This Tender Offer Statement on Schedule TO (this “Schedule TO”) relates to the tender offer by Cartesian Holdings, Inc., a Delaware corporation (“Merger Sub”) and a wholly owned direct subsidiary of Cartesian Holdings, LLC, a Delaware limited liability company (“Parent”), for all of the outstanding shares of common stock, par value $0.005 per share (“Shares”), of Cartesian, Inc., a Delaware corporation (“Cartesian”), at a price of $0.40 per share, net to the seller in cash, without interest thereon and less any applicable withholding taxes, upon the terms and conditions set forth in the offer to purchase dated April 10, 2018 (the “Offer to Purchase”), a copy of which is attached as Exhibit (a)(1)(A), and in the related letter of transmittal (the “Letter of Transmittal”), a copy of which is attached as Exhibit (a)(1)(B), which, as each may be amended or supplemented from time to time, collectively constitute the “Offer.”
All the information set forth in the Offer to Purchase, including Schedule I thereto, is incorporated by reference herein in response to Items 1 through 9 and Item 11 of this Schedule TO, and is supplemented by the information specifically provided in this Schedule TO.
The Agreement and Plan of Merger, dated as of March 21, 2018 (as it may be amended from time to time, the “Merger Agreement”), by and among the Company, Parent and Merger Sub, a copy of which is attached as Exhibit (d)(1) hereto, and the Tender and Support Agreement, dated as of March 21, 2018 (as it may be amended from time to time, the “Tender and Support Agreement”), with certain stockholders, which is attached as Exhibit (d)(6) hereto, is incorporated herein by reference with respect to Items 4, 5, 6 and 11 of this Schedule TO.

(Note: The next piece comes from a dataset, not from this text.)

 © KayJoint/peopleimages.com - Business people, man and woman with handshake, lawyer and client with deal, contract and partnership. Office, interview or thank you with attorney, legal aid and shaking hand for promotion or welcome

| ITEM 1. | SUMMARY TERM SHEET. |
Regulation M-A Item 1001
The information set forth in the Offer to Purchase under the caption SUMMARY TERM SHEET is incorporated herein by reference.
| ITEM 2. | SUBJECT COMPANY INFORMATION. |
Regulation M-A Item 1002
(a) Name and Address. The name, address, and telephone number of the subject company’s principal executive offices are as follows:
Cartesian, Inc.
7300 College Boulevard, Suite 302
Overland Park, Kansas 66210
(913) 345-9315
(b)-(c) Securities; Trading Market and Price. The information set forth in the Offer to Purchase under the following captions is incorporated herein by reference:
INTRODUCTION
THE TENDER OFFER – Section 6 (“Price Range of Shares; Dividends”)
| ITEM 3. | IDENTITY AND BACKGROUND OF FILING PERSON. |
Regulation M-A Item 1003
(a)-(c) Name and Address; Business and Background of Entities; and Business and Background of Natural Persons. The information set forth in the Offer to Purchase under the following captions is incorporated herein by reference:
SUMMARY TERM SHEET
THE TENDER OFFER – Section 8 (“Certain Information Concerning Parent and Merger Sub”)
SCHEDULE I – Information Relating to Parent and Merger Sub
| ITEM 4. | TERMS OF THE TRANSACTION. |
Regulation M-A Item 1004
(a) Material Terms. The information set forth in the Offer to Purchase is incorporated herein by reference.